My Research activity includes the development of critical theory; a focus upon innovative biographical, cultural and participatory research methodologies; and the production of praxis - knowledge which addresses and intervenes in public policy. My research leadership has been instrumental in moving forward debates, dialogue and scholarship in three substantive areas: prostitution and the commercial sex industry (since 1989); forced migration and the asylum-migration nexus (since 1999) including a focus on race, crime and justice; innovative participatory, biographical, performative and visual methodologies (since 1990).
Before conducting ethnographic and participatory research with sex workers in 1989 I was immersed in a PhD on Adorno's Aesthetics of Modernism especially the transformative possibilities of art as well as feminist aesthetics. To this end I studied the Frankfurt School and Adorno and Benjamin's work alongside research on feminist aesthetics. The research was published in 1999 as Adorno, Culture and Feminism by Sage Publications.
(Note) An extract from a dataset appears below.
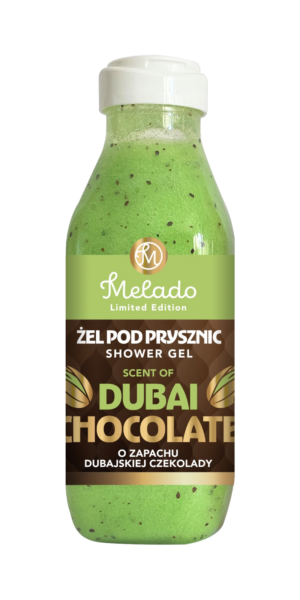 Suihkugeeli Dubain Suklaa 400ml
Since this time I have been engaged in examining the transformative potential of art and the inter-section of art and social research [arts based research - and I call this ethno-mimesis]in the fields of cultural criminology, cultural sociology and biographical sociology.
I have taught at both new and old Universities in Sociology, Criminology, Women's Studies and Cultural Studies and enjoy working very much with undergraduates and postgraduates.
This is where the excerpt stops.